6.The appellant attempted to set forth new grounds of appeal in his submissions, without leave of the court, contrary to Order 42 Rule 4 of the Civil Procedure Rules, 2010. In sum, the appellant argued that evidence was adduced before the Subordinate Court showing that he purchased the two acres. He wondered why the first and second respondents would claim proceeds of the portion without his authority. He therefore urged this court to allow the appeal.
7.In reply, the first and second respondents argued that they leased the portion and that the Subordinate Court properly dismissed the appellant’s suit. They urged this court to dismiss the appeal.
8.This being a first appeal, this court’s mandate is to re-evaluate, re-assess and re-analyse the record and then determine whether the conclusions reached by the learned trial magistrate are to stand or not and to give reasons either way. I also bear in mind that I have neither seen nor heard the witnesses and I will therefore give due allowance in that respect. I further remind myself that it is the responsibility of this court to rule on the evidence on record and not to introduce extraneous matters not dealt with by the parties in their pleadings and evidence. See Abok James Odera & Associates v John Patrick Machira t/a Machira & Co. Advocates [2013] eKLR.
9.I have considered the grounds of appeal, the pleadings, the evidence, and the submissions. The issue that arises for determination in this appeal is whether the appellant was entitled to the reliefs he sought.

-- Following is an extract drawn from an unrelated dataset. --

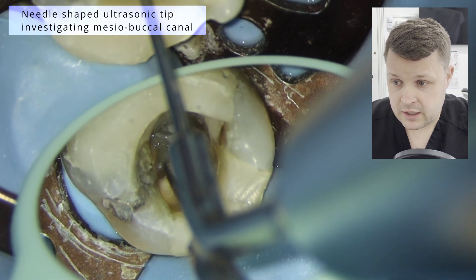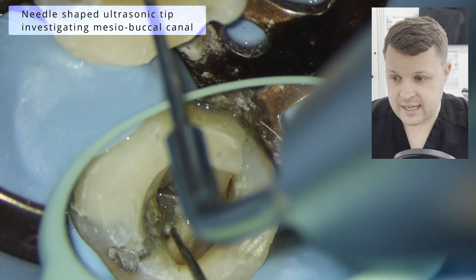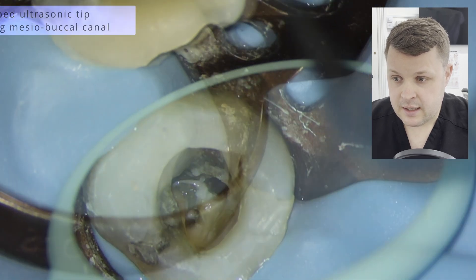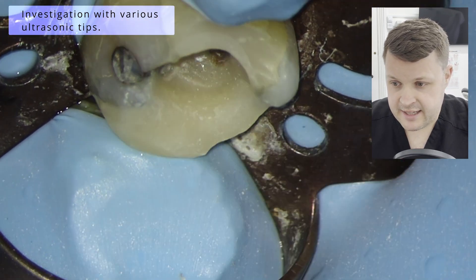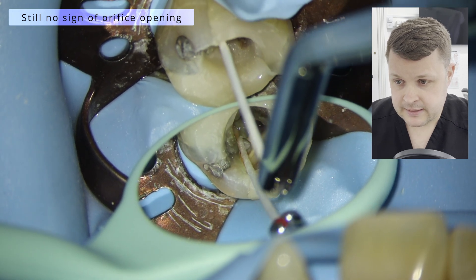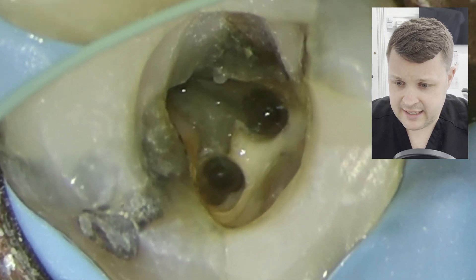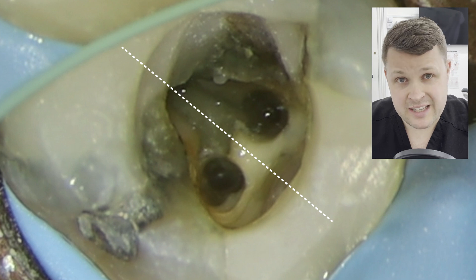Now we're moving on to the mesio-buccal canal. I haven't shaped the mesiolingual because I just wanted to get patency in all the canals first. And I'm just using this needle-tipped ultrasonic tip along with the ball-ended just to find this canal orifice. I'll see I'm using paper points there as well, just to remove some of the wetness from the canal area.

10.The appellant sought permanent injunctions against the respondents. In Nguruman Limited v Jan Bonde Nielsen & 2 Others [2014] eKLR, the Court of Appeal had occasion to restate the prerequisites for granting injunctive relief, including a permanent injunction. The court stated as follows:
11.At the core of the appellant’s case was his contention that he was the owner of a portion of land measuring 2 acres hived from land parcel number Bunyala/Namirama/887 which he claimed to have purchased from one Elisha Mukole. In support of his case, he produced only one exhibit; a sale agreement dated 3rd August 2011. A perusal of the agreement shows that the appellant was the purchaser while Elisha J. Mukole was the seller. The property sold was stated as “A portion (2 acres) out of Land Parcel Number Bunyala/Namirama/887 registered in the names of Laban Wafuwa Mukole – the administrator.” The said registered proprietor did not sign the agreement. The appellant neither produced a copy of the title nor a certificate of official search in respect of the property. He did not even call the registered proprietor to testify in support of his case.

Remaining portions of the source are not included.